The old fans didn’t quite get the full-on prog-revival Mike Rutherford and Tony Banks promised, and newer fans wouldn’t touch it without Phil Collins, Disney’s go-to guy, fronting the band. In the considerable shoes of former vocalists Collins and Peter Gabriel, how was a stranger like Ray Wilson to make an impact?

Wilson’s warm, throaty delivery departed from the characteristic and often downright odd vocals (at least in the early, non-pop years of the band) of Gabriel and Collins, being neither quite as defining nor as charismatic. The music too suffered from a lack of identity.

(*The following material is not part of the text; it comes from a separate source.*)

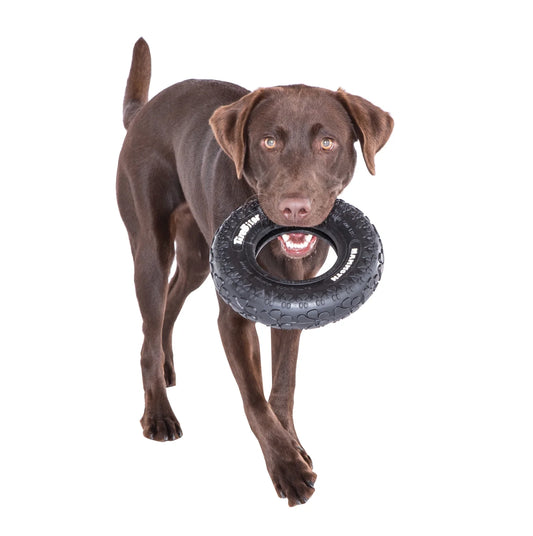 Tirebiter Original Rubber Dog Toy, Medium, 8", Assorted Colors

Was this the pop-powerhouse Genesis of the 1980s and ’90s, or the genre-defining prog Genesis of the 1970s? The album attempted to tread a thin line between the two, going further into heavy prog territory with long songs and complex instrumental passages than Genesis had since Abacab, but it also contained a fair number of the radio-friendly, simpler songs that the band focused on in the years following that quirky album.

And, so, no one really responded, leaving record stores and the label with batch after batch of this commercial dud. I, however, applied my usual critical stance: If it didn’t have the “Genesis” legacy to live up to, would I have enjoyed it anyway? Yes, I likely would have, and so I did.

There are some awkward moments, like the purposely eclectic “Alien Afternoon,” schmaltzy “If That’s What You Needed,” and the completely out-of-place, dated and unnecessary “Small Talk.” But there are enough solid moments — like Genesis’ dramatic title track, or the velvety ballads “Shipwrecked” and “Not About Us” — and enough non-offensive filler that Calling All Stations remains a surprisingly intriguing listen.

Not to mention that I, at least, particularly enjoy Ray Wilson’s smooth-as-gravel voice.